Seu torso automaticamente se ejetou da carteira de volta a posição ereta, seus olhos girando ao redor e prestando atenção na situação ao redor. A professora que a chamou conseguiu voltar toda a atenção da sala de aula para Selena.

- Só porque o diretor da Academia Rodworth cuida de seu bem-estar, não lhe dá o direito de dormir na sala de aula, mocinha. - Bradou furiosa a senhora de meia-idade.

De fato, ela não estudava em qualquer escola. Bastava ver os uniformes, camisas brancas, gravatas listradas vermelhas, as meninas usando saias xadrez com vermelho como a cor principal.

- Sinto muito, Senhora Miller, eu tenho tido problemas pra dormir ultimamente. - Respondeu Selena, na única reação que ela poderia dar sem aumentar o constrangimento daquele momento.

Na carteira à direita de Selena, outra garota parecia apenas assistir a situação da menina de catorze anos.  Cabelos ruivos, num vermelho flamejante, repartidos quase diagonalmente, deixando uma franja descer pelo lado esquerdo do rosto, olhos castanhos fortes.
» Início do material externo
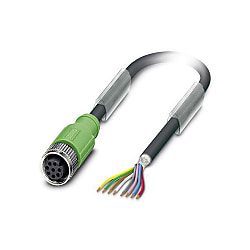 Sensor / actuator cable SAC-8P- 5,0-PUR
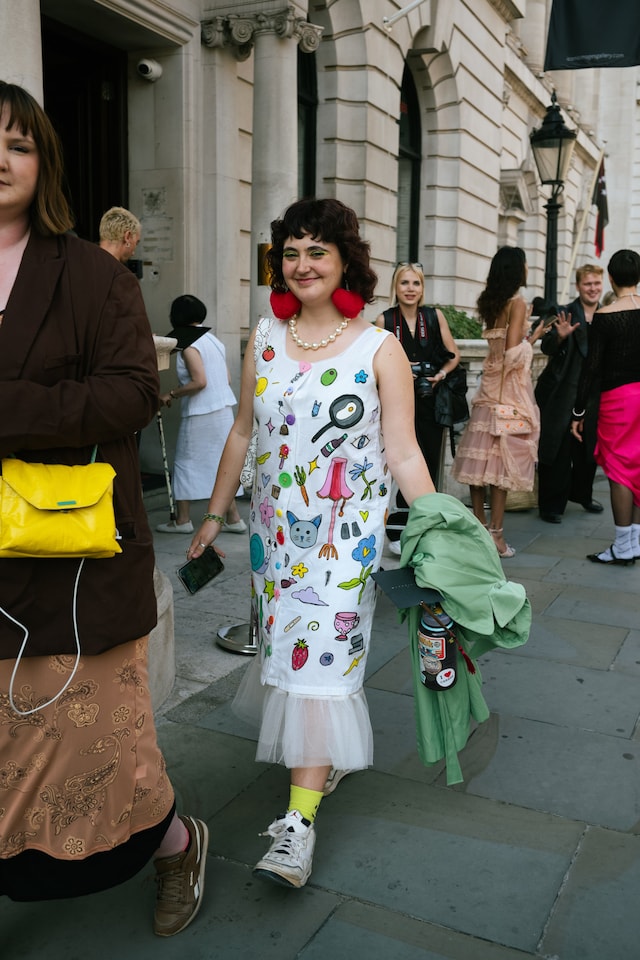 London Fashion Week SS24 street style photos Yu Fujiwara 1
Permanecia quieta enquanto a adolescente a seu lado se desculpava com a professora.

- Muito bem, mocinha. Eu vou deixar passar apenas desta vez. Mas teremos uma conversa ao final desta aula. - Disse a professora, num tom cauteloso.
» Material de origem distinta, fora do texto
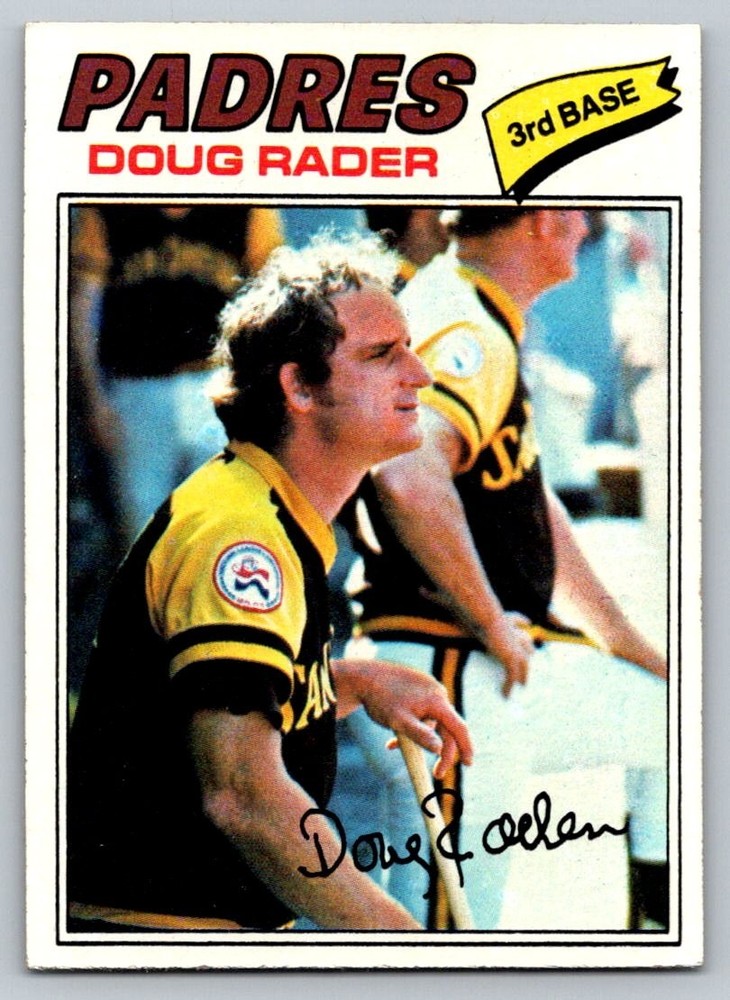 1977 Topps Baseball #9 Doug Rader Padres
Selena levantou as mãos ao rosto por alguns segundos, ainda recobrando a consciência, e então voltou a se focar na sua carteira. "Okay, Selena. Só mais uma sessão imbecil desse sonho.", ela pensava.


Uma hora se passou e a aula acabou. Selena tinha acabado de levar um sermão da professora Miller. Não era surpresa para ela. A menina tinha boas notas em média, mas sua média estava começando a cair, graças às recentes noites mal dormidas causadas pelo mesmo sonho.

A garota agora se encontrava nos armários da escola, alheia ao mundo passando ao redor dela. Guardou seu material, fechou o armário. Deixou a testa pairar sobre a porta de metal, quase inerte. Afrouxou a gravata e ficou parada ali, por alguns minutos. E então uma pessoa parou ao lado dela, a mesma garota ruiva da sala de aula.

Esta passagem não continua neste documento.